Le télescope James Webb à la recherche des premières galaxies
Le télescope spatial James Webb (JWST) a pour mission de percer les mystères de la jeunesse de l’Univers, notamment en traquant les premières étoiles et galaxies, un phénomène connu sous le nom d’« aube cosmique ». Ce moment crucial dans l’histoire cosmique se réfère à l’époque où les premières structures lumineuses ont commencé à se former, plusieurs centaines de millions d’années après le Big Bang.

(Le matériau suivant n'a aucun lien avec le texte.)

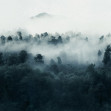 Fototapet Misty Woodland, Blue, Rebel Walls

Le modèle du Big Bang suggère qu’après une phase initiale de chaleur intense et de densité, l’Univers a commencé à se refroidir, permettant la formation des premiers noyaux atomiques, principalement d’hydrogène et d’hélium. Des régions de l’Univers, plus denses, ont attiré davantage de gaz, créant ainsi les conditions nécessaires à l’émergence des premières étoiles et galaxies. Cependant, la datation précise de ces événements reste un défi pour les astrophysiciens.

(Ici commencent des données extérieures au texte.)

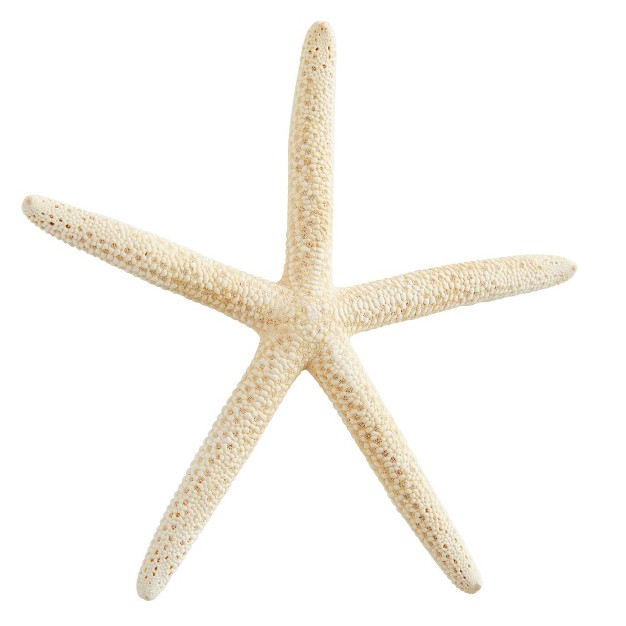 Juvale 12 Pack White Finger Starfish For Nautical D cor Vase Filler Craft Supplies 4 To 6 In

Le JWST a été lancé le 25 décembre 2021 et est positionné au point de Lagrange L2, à 1,5 million de kilomètres de la Terre. Ce site est idéal pour les observations astronomiques en raison de sa stabilité gravitationnelle. Le télescope, qui est d’une taille équivalente à celle d’un court de tennis, est équipé d’instruments de pointe pour observer l’Univers dans l’infrarouge, une capacité qui dépasse celle de son prédécesseur, le télescope Hubble, principalement actif dans le visible et l’ultraviolet.
Depuis le début de ses opérations scientifiques en juin 2022, le JWST a déjà réalisé des avancées significatives. Par exemple, lors de la publication de ses premières images le 12 juillet 2022, il a révélé 7 576 galaxies dans un champ d’observation, un chiffre cinq fois supérieur à celui détecté par Hubble. Ce succès a permis aux chercheurs de repérer des galaxies, comme CEERS-93316, observée à environ 320 millions d’années après le Big Bang, établissant ainsi un nouveau record.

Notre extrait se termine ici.